# WORK REQUEST
Skip all pictures; return exactly the lines from the one containing "BESTECKSET Emotion 30-teilig" through the end of the data.

--

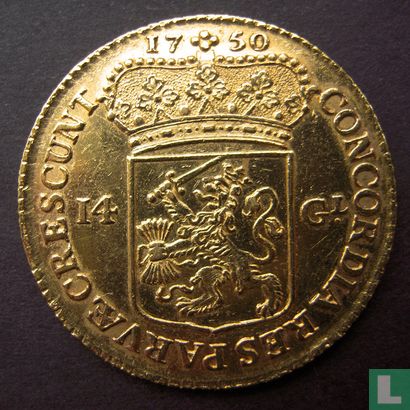 Utrecht 14 gulden 1750 - Afbeelding 1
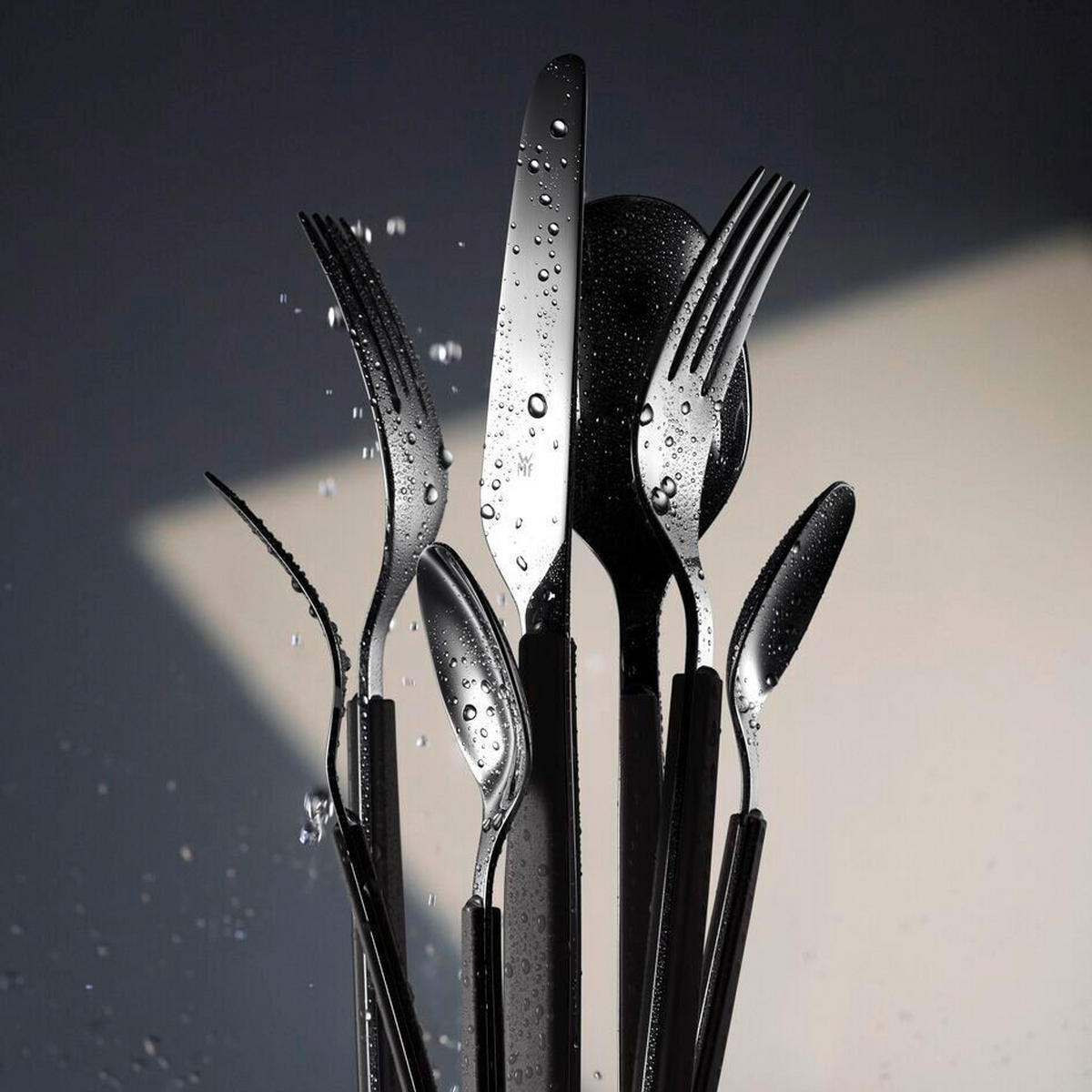 BESTECKSET Emotion 30-teilig Edelstahl  für 6 Personen  - Lavagrau, Basics, Metall (12,5/12,5/25cm) - WMF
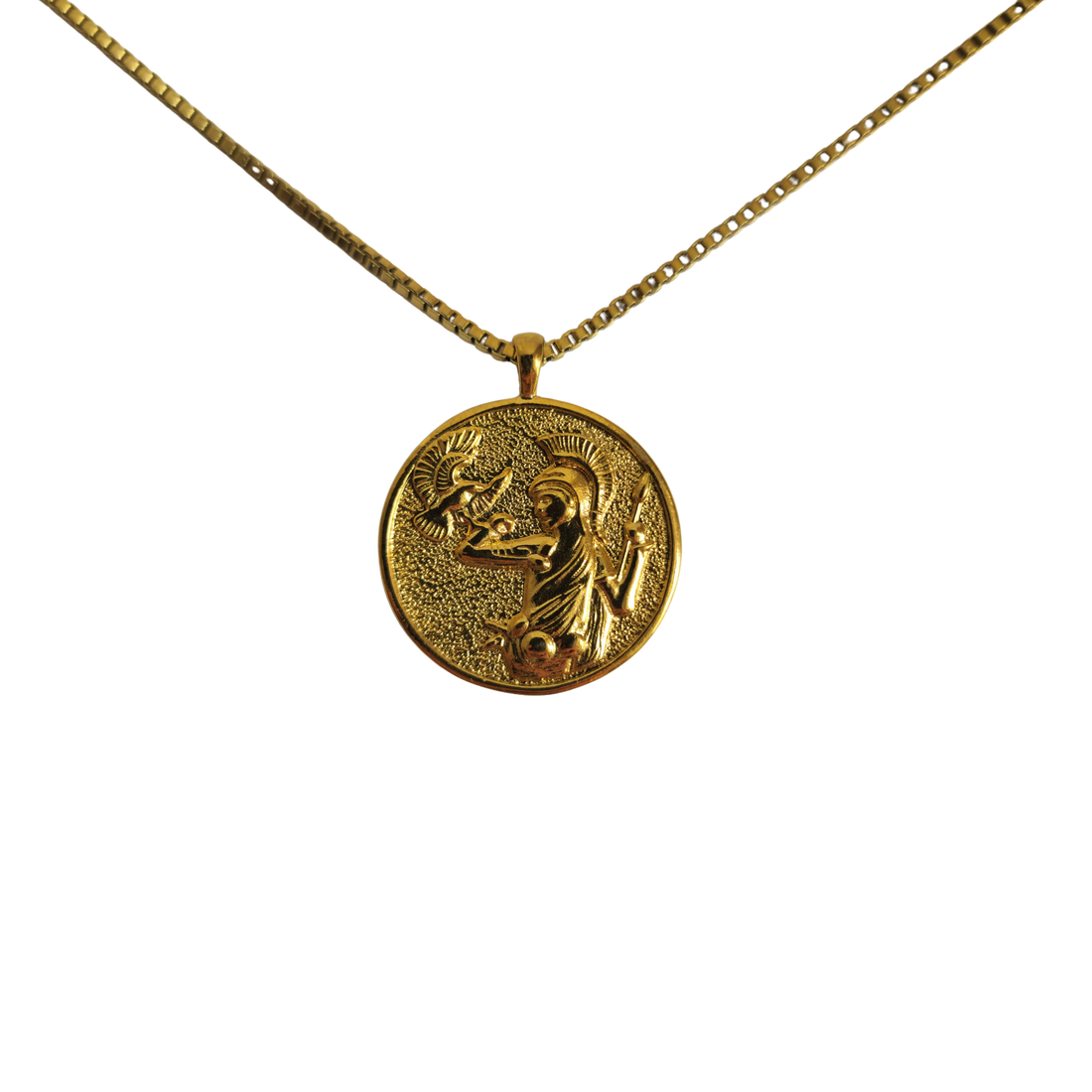 Athena Coin Gold Necklace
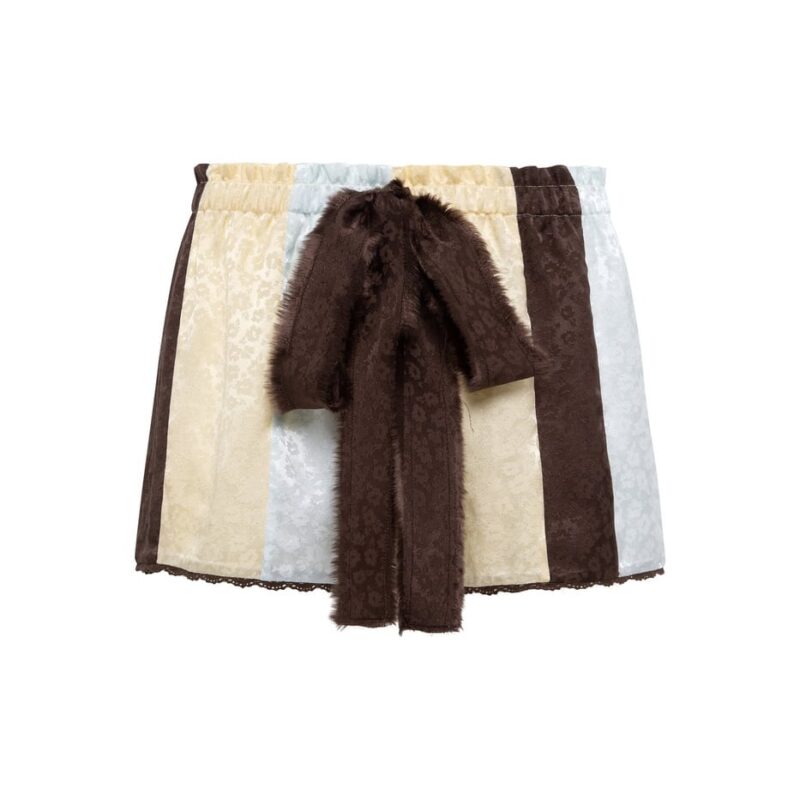 Siedrés SHOL - Bow detailed satin mini shorts — image 1 of 3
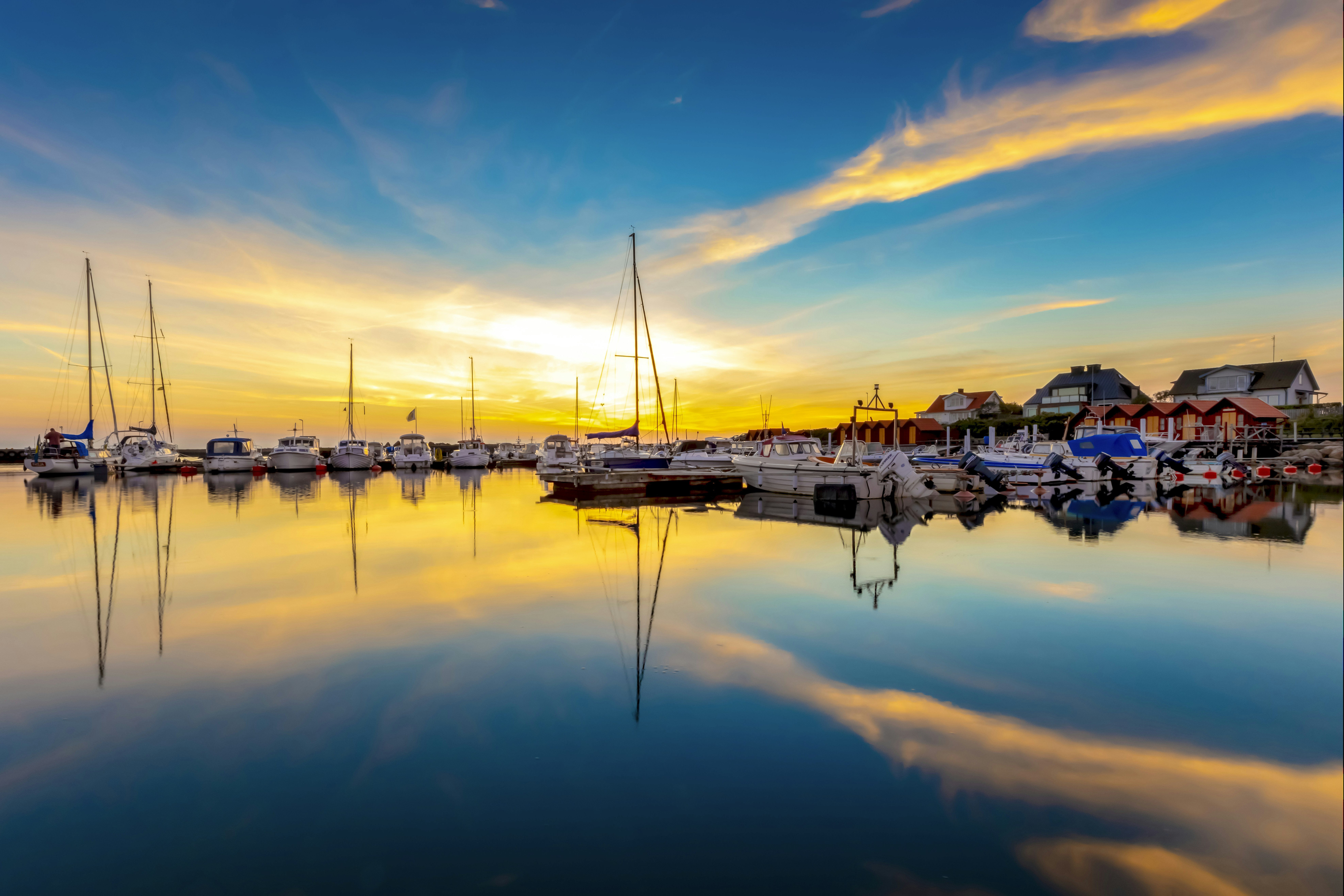 Olofsbo Camping - Bootshafen auf dem Campingplatz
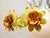 Orange Vintage and Orange Flower Chandelier 1960s For Sale - Image 8 of 9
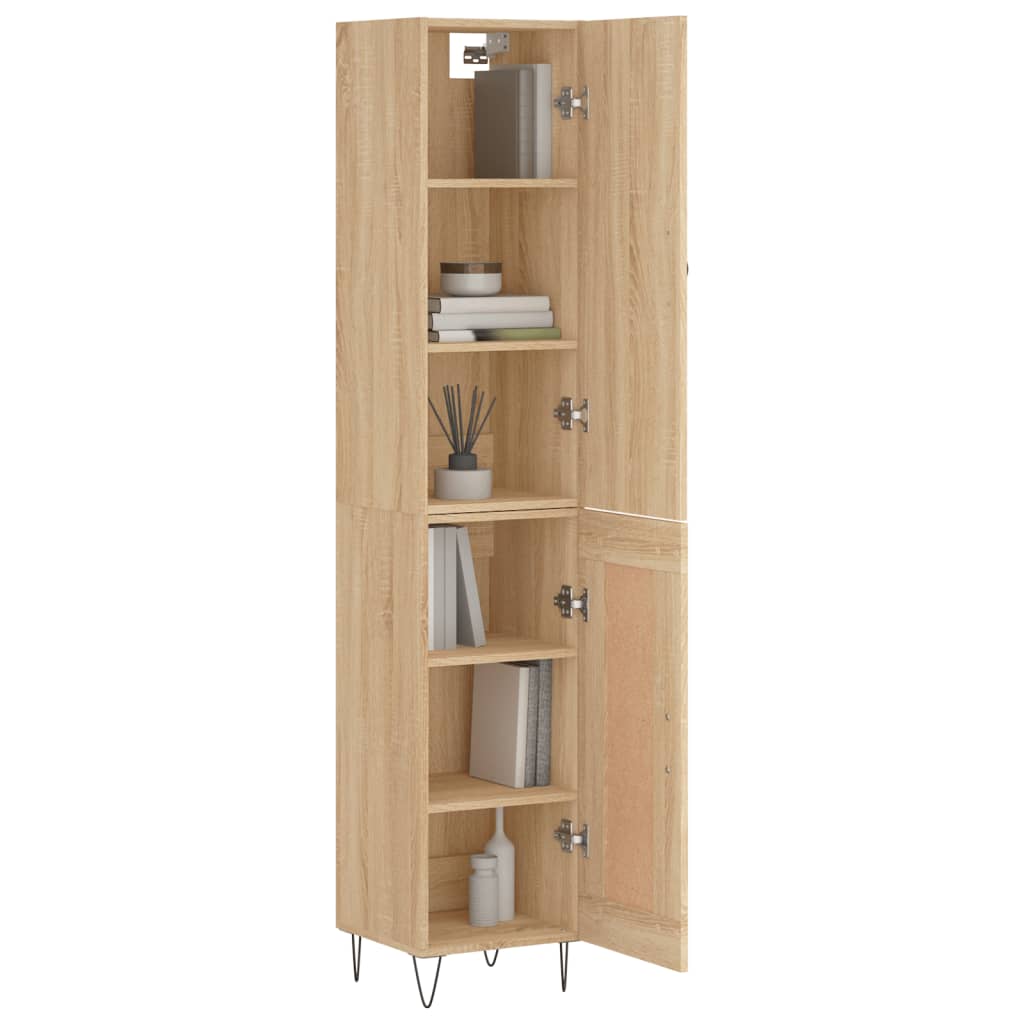 Buffet haut Chêne sonoma 34,5x34x180 cm Bois d'ingénierie - XIOS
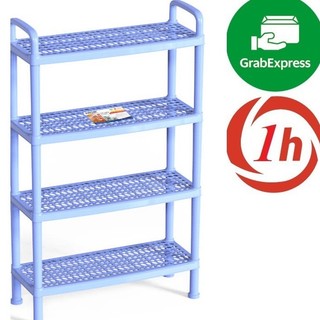 KỆ DÉP LƯỚI DUY TÂN LỚN 4 TẦNG - Kích thước 47 x 19 x 73,5 cm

--

# YOUR SOLUTION
 BESTECKSET Emotion 30-teilig Edelstahl  für 6 Personen  - Lavagrau, Basics, Metall (12,5/12,5/25cm) - WMF
 Athena Coin Gold Necklace
 Siedrés SHOL - Bow detailed satin mini shorts — image 1 of 3
 Olofsbo Camping - Bootshafen auf dem Campingplatz
 Orange Vintage and Orange Flower Chandelier 1960s For Sale - Image 8 of 9
 Buffet haut Chêne sonoma 34,5x34x180 cm Bois d'ingénierie - XIOS
 KỆ DÉP LƯỚI DUY TÂN LỚN 4 TẦNG - Kích thước 47 x 19 x 73,5 cm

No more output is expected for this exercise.